*** SUPPLIED INFORMATION Section Begins ***

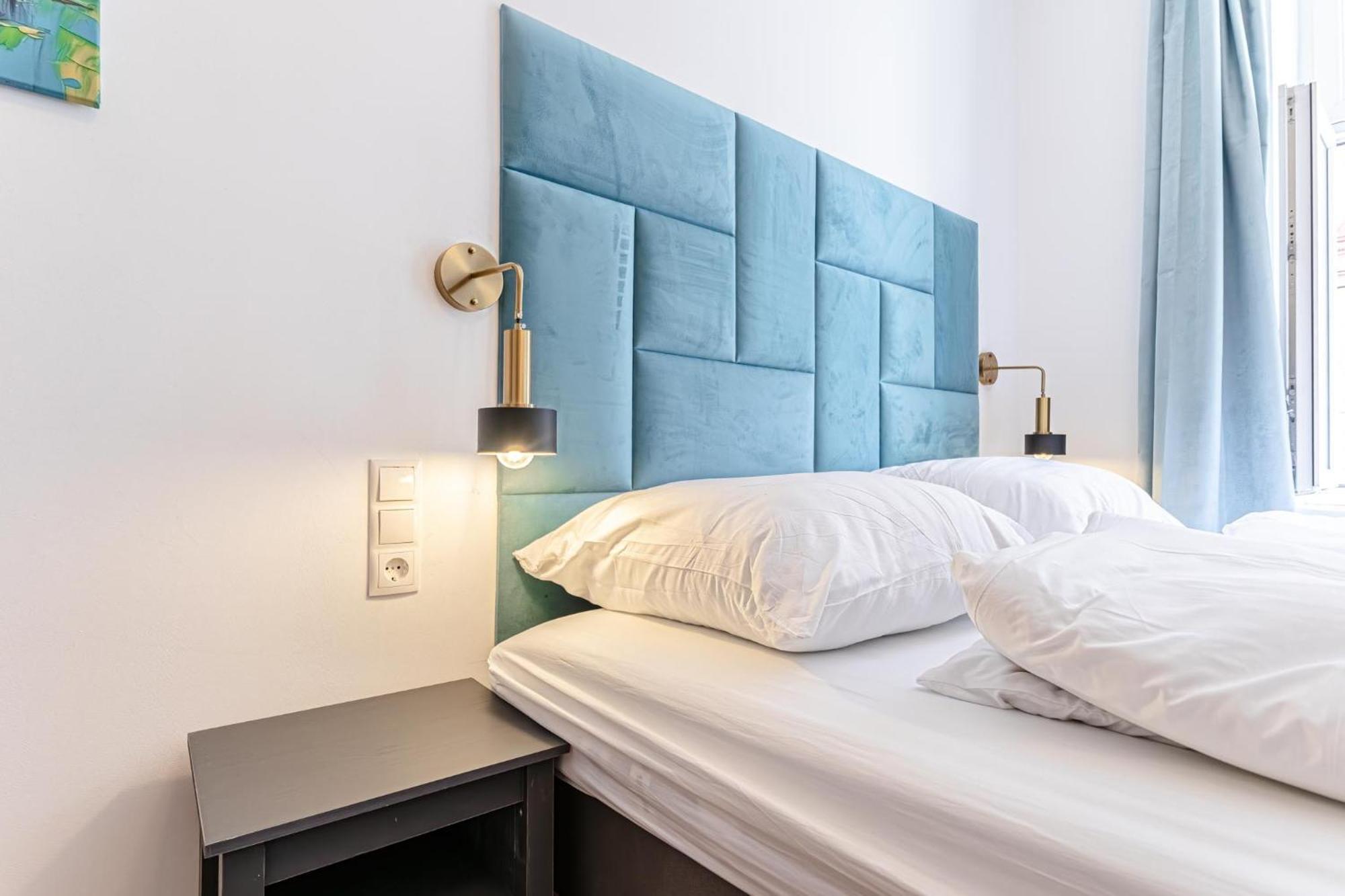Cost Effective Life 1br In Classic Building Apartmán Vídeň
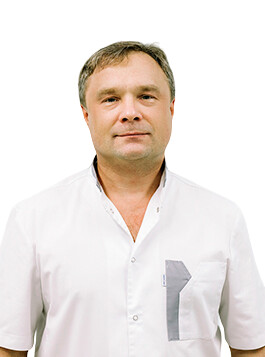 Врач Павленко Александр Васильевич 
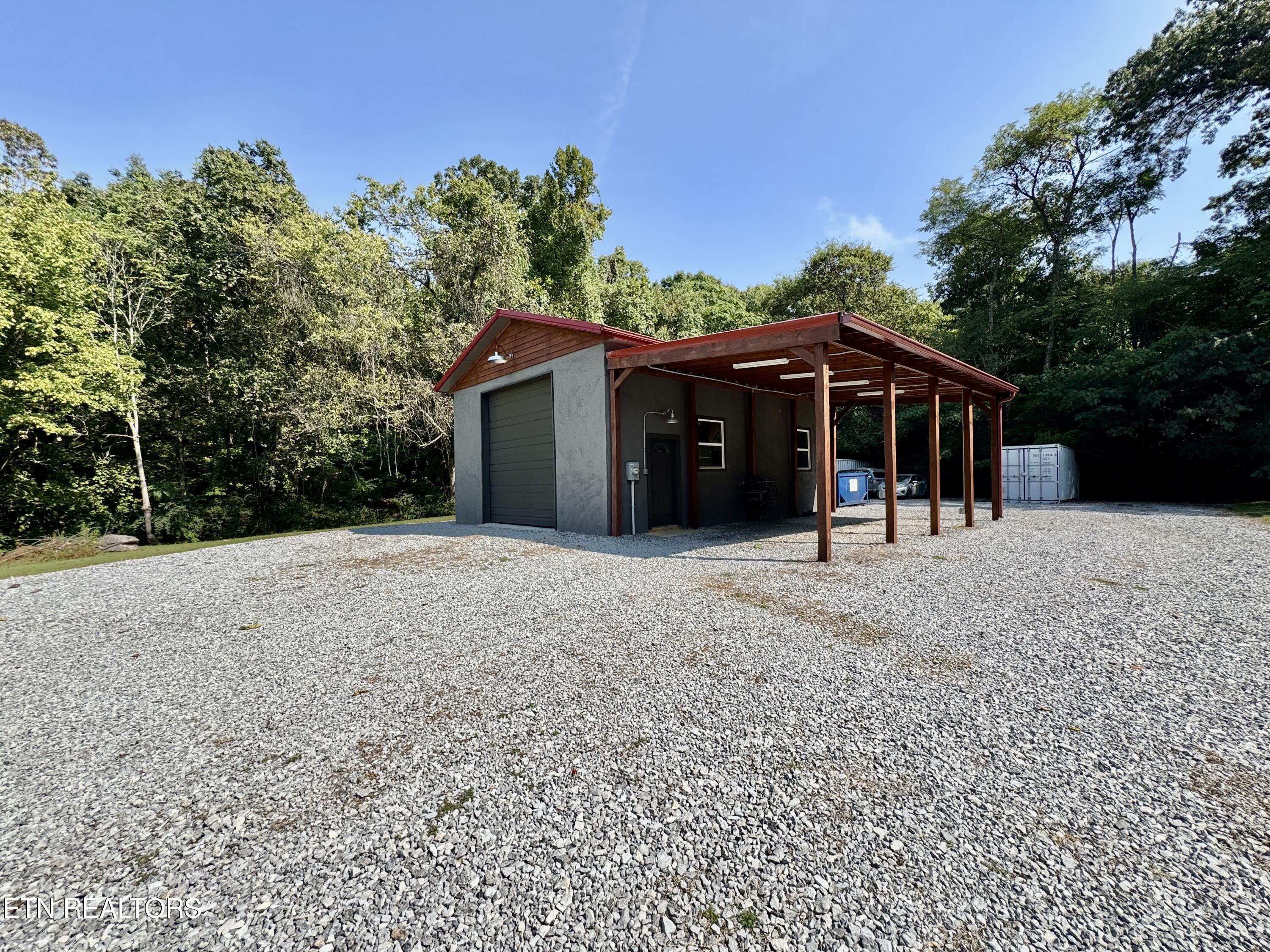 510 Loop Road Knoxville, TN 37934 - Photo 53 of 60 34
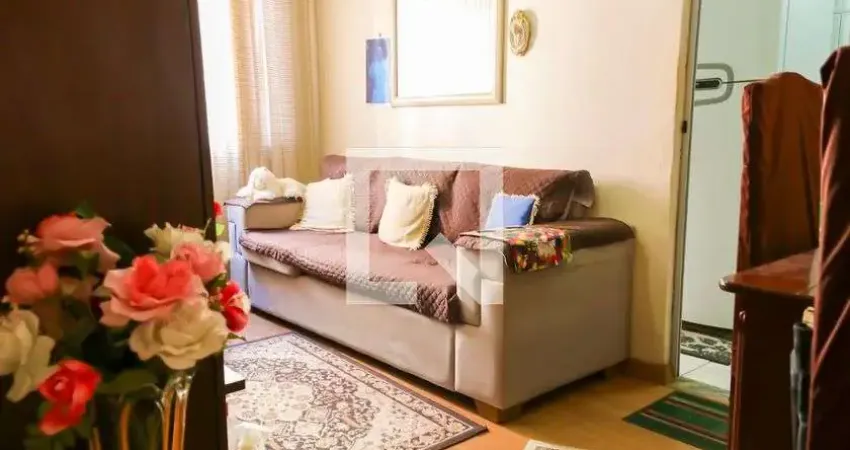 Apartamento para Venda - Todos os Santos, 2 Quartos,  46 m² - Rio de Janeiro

*** SUPPLIED INFORMATION Section Ends ***

## [WORK ORDER]
Leaving aside every picture, transcribe exactly the lines that run from the one with "Врач Павленко Александр Васильевич" to the close of the listing above.

## [EXPECTED ANSWER]
 Врач Павленко Александр Васильевич 
 510 Loop Road Knoxville, TN 37934 - Photo 53 of 60 34
 Apartamento para Venda - Todos os Santos, 2 Quartos,  46 m² - Rio de Janeiro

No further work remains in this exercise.